Now, if Cruz loses Iowa, Trump wins convincingly. I think all he will need at that point is to have a single current establishment figure, meaning a sitting governor or a sitting senator endorse him. Nobody has, everybody has stayed away from him. But if there are people who think he's the winning ticket, he's going to win the nomination. I want to be on the right side of this.

And you get one standing out there endorsing him. Sarah Palin doesn't meet that bill. Bob Dole does, but, you know, he's yesterday's man. If you get somebody today from the so-called establishment who endorses him, I think it becomes a flood. At that point the dam breaks and you will get a rush of other establishment figures who will rally around him. And that could be the point at which he becomes inevitable as the nominee.

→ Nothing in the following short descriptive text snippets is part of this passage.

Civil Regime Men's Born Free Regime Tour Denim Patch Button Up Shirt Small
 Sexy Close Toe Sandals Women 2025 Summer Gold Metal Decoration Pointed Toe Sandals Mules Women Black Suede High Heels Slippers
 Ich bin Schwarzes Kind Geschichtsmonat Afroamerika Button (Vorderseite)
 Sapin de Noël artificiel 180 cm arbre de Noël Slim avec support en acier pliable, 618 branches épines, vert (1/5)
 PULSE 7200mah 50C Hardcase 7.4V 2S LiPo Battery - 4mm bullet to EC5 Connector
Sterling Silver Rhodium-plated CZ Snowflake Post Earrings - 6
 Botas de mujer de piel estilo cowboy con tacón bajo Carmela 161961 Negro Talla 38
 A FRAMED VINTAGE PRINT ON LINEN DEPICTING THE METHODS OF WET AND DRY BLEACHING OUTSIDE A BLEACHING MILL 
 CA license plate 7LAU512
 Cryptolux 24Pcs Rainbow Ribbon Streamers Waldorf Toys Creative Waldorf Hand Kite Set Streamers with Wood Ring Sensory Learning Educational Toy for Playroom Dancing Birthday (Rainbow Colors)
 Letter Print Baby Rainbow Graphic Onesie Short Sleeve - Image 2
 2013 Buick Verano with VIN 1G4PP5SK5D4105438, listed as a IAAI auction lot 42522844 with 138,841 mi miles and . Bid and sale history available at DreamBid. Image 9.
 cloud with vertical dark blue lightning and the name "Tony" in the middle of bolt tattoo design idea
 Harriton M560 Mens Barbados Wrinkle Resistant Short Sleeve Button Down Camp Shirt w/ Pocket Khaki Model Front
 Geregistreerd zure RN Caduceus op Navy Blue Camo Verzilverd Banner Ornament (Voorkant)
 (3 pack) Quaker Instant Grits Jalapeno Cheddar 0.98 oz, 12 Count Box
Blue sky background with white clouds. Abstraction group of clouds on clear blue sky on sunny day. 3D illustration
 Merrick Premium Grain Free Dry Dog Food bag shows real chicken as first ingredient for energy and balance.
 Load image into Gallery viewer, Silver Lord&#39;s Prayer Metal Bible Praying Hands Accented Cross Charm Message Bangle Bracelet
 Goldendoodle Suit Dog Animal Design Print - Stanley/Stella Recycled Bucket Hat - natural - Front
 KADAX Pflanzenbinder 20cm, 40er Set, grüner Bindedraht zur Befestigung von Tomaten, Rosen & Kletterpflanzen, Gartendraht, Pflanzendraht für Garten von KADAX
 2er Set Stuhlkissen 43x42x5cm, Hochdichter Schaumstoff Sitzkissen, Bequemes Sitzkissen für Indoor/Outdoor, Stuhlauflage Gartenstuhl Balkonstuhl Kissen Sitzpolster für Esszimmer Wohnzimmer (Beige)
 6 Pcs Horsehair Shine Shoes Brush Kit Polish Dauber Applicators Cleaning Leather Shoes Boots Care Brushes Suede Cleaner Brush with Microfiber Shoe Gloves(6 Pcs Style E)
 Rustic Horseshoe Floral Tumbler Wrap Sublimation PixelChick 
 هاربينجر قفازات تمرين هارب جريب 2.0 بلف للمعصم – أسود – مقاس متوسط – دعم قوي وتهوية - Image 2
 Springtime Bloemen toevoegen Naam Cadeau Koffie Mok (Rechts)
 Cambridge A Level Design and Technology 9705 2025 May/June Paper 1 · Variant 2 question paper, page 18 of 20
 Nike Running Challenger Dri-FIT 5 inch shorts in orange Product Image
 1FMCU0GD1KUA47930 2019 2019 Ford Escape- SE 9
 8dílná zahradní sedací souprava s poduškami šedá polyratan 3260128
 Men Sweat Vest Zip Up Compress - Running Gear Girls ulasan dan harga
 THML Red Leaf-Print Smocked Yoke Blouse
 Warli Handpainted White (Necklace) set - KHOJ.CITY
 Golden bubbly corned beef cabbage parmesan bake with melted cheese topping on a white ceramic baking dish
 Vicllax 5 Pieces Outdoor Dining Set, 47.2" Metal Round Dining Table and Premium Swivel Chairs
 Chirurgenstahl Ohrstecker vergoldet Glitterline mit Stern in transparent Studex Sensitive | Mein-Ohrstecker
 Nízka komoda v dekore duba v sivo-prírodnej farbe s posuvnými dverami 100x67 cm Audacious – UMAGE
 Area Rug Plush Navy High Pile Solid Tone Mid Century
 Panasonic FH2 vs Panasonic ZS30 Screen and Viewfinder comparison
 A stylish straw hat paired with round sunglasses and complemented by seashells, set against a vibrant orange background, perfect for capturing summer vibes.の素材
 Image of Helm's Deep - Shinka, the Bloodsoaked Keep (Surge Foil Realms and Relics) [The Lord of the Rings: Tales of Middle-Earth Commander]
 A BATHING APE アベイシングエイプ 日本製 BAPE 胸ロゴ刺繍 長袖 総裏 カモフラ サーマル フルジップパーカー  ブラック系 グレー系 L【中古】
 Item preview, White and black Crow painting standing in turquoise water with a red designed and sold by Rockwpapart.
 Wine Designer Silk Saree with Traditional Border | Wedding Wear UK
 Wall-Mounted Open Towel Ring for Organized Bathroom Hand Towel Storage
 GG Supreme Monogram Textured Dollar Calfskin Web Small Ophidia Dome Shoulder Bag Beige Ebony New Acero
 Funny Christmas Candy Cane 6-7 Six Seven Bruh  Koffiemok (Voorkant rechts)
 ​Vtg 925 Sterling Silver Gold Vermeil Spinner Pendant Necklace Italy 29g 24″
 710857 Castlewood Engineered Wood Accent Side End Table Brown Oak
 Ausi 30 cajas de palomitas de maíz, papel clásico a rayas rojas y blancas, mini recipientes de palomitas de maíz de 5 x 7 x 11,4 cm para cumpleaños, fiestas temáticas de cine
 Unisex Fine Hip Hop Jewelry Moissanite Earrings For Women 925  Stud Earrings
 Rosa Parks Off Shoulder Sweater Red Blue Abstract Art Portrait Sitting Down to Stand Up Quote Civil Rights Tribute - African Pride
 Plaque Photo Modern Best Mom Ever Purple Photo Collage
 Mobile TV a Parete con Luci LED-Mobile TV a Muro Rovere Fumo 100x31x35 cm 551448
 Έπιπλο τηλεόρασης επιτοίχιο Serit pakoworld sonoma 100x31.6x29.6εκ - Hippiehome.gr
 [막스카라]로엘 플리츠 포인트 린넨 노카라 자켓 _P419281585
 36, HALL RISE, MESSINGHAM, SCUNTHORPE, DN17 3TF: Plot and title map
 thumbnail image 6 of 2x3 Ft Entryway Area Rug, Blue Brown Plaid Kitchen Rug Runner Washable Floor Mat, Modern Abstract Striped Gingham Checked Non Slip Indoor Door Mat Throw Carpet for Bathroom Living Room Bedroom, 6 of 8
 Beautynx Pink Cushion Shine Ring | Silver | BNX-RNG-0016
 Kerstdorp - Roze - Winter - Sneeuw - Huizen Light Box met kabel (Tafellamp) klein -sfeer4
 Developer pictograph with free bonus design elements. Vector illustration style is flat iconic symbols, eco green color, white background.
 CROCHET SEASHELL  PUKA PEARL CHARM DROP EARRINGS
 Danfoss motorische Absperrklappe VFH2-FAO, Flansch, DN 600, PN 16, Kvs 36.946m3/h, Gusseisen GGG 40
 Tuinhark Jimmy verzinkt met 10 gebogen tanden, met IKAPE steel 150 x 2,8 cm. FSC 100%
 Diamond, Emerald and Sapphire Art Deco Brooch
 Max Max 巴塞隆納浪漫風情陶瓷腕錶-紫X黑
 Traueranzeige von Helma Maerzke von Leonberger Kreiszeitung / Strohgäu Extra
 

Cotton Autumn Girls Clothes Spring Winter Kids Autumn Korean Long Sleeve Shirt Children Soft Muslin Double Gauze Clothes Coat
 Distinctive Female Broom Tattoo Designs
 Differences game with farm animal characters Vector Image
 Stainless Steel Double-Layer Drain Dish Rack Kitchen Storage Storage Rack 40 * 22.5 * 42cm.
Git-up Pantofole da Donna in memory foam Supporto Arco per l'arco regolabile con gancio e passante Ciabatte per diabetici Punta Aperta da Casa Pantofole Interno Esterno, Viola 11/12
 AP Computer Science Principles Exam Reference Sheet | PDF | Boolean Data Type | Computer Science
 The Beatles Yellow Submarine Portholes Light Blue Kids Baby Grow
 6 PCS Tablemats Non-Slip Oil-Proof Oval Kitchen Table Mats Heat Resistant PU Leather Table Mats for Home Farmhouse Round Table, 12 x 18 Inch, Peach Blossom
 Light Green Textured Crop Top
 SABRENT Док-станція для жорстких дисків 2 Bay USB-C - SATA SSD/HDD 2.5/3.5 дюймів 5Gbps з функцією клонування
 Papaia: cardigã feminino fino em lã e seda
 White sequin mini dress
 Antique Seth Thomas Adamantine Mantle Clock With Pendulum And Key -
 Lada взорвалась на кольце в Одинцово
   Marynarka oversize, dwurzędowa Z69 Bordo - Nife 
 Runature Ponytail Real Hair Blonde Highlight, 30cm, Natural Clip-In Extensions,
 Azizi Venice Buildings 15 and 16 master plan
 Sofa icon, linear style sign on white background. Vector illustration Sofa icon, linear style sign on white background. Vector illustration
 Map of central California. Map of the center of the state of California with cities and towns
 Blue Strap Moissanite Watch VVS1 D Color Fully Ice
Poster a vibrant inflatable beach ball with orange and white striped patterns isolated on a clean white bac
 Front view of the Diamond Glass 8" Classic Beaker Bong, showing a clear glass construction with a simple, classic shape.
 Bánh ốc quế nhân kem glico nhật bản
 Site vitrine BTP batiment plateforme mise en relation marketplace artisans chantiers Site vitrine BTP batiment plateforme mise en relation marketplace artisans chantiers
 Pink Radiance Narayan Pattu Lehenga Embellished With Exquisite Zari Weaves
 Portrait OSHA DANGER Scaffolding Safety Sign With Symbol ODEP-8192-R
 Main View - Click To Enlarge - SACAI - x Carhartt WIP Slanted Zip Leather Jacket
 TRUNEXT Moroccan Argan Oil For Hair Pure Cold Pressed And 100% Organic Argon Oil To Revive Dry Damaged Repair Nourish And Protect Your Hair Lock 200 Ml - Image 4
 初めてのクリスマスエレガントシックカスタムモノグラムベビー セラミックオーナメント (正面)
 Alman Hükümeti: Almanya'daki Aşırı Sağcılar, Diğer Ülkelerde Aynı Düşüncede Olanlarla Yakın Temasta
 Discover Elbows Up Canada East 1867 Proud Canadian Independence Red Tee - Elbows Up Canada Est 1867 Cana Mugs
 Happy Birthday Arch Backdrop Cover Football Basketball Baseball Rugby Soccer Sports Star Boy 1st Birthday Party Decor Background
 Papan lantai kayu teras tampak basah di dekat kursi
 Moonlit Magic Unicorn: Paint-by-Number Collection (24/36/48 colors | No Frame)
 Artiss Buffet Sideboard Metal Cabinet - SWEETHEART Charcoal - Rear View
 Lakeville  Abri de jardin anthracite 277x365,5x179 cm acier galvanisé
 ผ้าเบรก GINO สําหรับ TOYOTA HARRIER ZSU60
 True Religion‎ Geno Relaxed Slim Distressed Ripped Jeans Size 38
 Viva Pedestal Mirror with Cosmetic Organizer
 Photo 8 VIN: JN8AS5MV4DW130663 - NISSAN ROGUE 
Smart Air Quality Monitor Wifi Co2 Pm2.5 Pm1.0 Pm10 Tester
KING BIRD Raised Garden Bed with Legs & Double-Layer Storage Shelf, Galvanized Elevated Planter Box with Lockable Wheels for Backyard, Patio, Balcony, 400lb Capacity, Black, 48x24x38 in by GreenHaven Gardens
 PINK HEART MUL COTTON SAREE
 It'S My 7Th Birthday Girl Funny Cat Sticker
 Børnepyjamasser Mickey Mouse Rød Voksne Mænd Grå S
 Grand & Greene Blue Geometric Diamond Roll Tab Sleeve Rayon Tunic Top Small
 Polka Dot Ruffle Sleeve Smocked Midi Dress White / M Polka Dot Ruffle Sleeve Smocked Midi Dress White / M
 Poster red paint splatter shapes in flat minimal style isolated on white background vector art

BAIER: Why is it that no senator has stepped up to endorse Ted Cruz, not even his ally Jeff Sessions as of yet, on immigration?

KRAUTHAMMER: Well, I think the short answer is because everybody who knows him in the Senate hates him. And I think hate is not, is not an exaggeration. The enmity which he wears on his sleeve as, you know, with pride, is something that he's now you could almost say cultivated to make him a freshman senator with no particular record into a national figure rallying everybody against the Washington cartel. You know Republicans in the Senate, in the House have been out there half of their lives don't appreciate being called essentially traders to the cause of conservatives.
And then you get antipathy, and they will put that antipathy perhaps even over what's best for the party.

BAIER: But clearly he's stirring up the anger about Washington, that it's not working and that the Republicans are not getting it done either.

EASTON: And the other reason there's hatred for him on the Hill is there's a sense that he's hurt the Republican brand, and he very much did so when he led the government shutdown parade back in 2013 when the Republican Party's favorability rating dropped to its lowest in modern history. We all remember that. And I think there's an anger towards him about that.
So I think there's a personal --

BAIER: Nina, you know what they say, is that 2014 ended up being a major landslide and they showed backbone.

EASTON: And I would say to all the people who are going to tweet me and attack me for that is that 2014 was a very low turn-out election. It's the lowest since World War II, and it's not the same as a presidential election. And the party came in and picked candidates that were very electable very early on. The Chamber of Commerce and the party got electable candidates out there. So it was an outlier election in that sense.

LIASSON: But that is a really important point. That was the election where the empire struck back. The establishment got its act together. It beat down the Tea Party people who weren't going to be ready for primetime, and it coalesced around candidates. Why aren't they doing that now?
You've got Jeb Bush, Chris Christie, Marco Rubio. Now granted, Bush had his shot and didn't make it, but why haven't the establishment coalesce around a candidate. They're attacking each other. They're in a circular firing squad. Why isn't there an alternative to Trump other than a hard right candidate?

BAIER: There may be after New Hampshire, perhaps, but Jeb Bush has spent
$22 million attacking Marco Rubio, or at least his super PAC has.

KRAUTHAMMER: I think the answer is because the establishment is largely a fiction, exaggerated by the so-called anti-establishment candidates as a way to create a boogeyman. If you take the four establishment candidates in New Hampshire, for example, so-called establishment, Bush, Rubio, Kasich, and Christie, add their numbers together, that exceeds the Trump number by 10 points. The fact is they're not only cannibalizing their own part of the spectrum, as you say, they are actively attacking each other.
Bush is unloading tens of millions of dollars attacking all the other establishment candidates in a scorched earth policy, thinking that if he knocks them all down, knocks their numbers down, he will emerge. I think that's an illusion, and I think the result is that you get a Trump and a Cruz emerging out of the rubble.

BAIER: We didn't talk about Hillary Clinton this time, but we'll do it again, I promise you.